A quick survey of the fraction of HTTPS connections using HTTP/2 suggests that it's about one quarter, ie three HTTP/1 for every HTTP/2. Note that Googlebot does not yet use HTTP/2 for example.

% egrep ':443 .* HTTP/1' /var/log/apache2/other_vhosts_access.log | wc -l
5934
% egrep ':443 .* HTTP/2' /var/log/apache2/other_vhosts_access.log | wc -l
1985

Towards the end of October the HTTP/2 fraction is about one third, ie about two HTTP/1 connections for every HTTP/2 connection.

2020-09-04: AMP HTTPS Now Preferred

As of today the preferred scheme for the AMP pages is https, though http will still be served and should be fully functional.

This means in practice:

  • Making the amphtml link in the header and AMP navigation link point to the https version.
  • Giving all the header inter-version and canonical and navigation links explicit http / https schemes.
  • Making redirects between versions appropriate in terms of schemes, retaining https as appropriate to avoid security snafus (principle of least surprise).
  • Using the correct scheme in robots.txt and sitemap.xml as appropriate.

It will take a little while to get all the wrinkles out!

In future, the m/lite preferred version is likely to remain http for speed, and the www/desktop preferred version become https for a small SEO boost.

2020-10-28: HTTPS Doubles Page Crawl Time

Screenshot 20201028 AMP page crawl time doubles with https

GSC's average page download time (now at ~10kB per page) has risen from ~250ms to ~500ms with the switch from http to https preferred.

Note that Google's crawlers are generally visiting from across the Atlantic, multiplying the effects of the extra TLS setup handshake. If the crawlers ever get to use H3 (HTTP/3) including header compression, some of that may come back.

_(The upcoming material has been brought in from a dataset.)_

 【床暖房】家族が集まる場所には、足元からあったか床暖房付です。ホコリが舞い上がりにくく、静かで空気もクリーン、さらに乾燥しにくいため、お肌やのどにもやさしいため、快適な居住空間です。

As of today mean page fetch size is a little under 10kB and ~180 pages are crawled per day, as given in GSC's crawl stats for the AMP site version.

2020-09-01: Brotli Sides

I have enabled Brotli static pre-compression for supporting top-level pages, such as the home and sitemap pages. If that does not cause any problems then I shall extend such br content-encoding to main pages also, either side of making the https set canonical for (say) AMP and desktop. (Brotli compression only works over https.)

: I weakened and have turned on Brotli precompression for all main pages, having seen at least some (legit) spiders starting to fetch content over https, where it may help. (Not all spiders can Accept-Encoding: br even with https though.)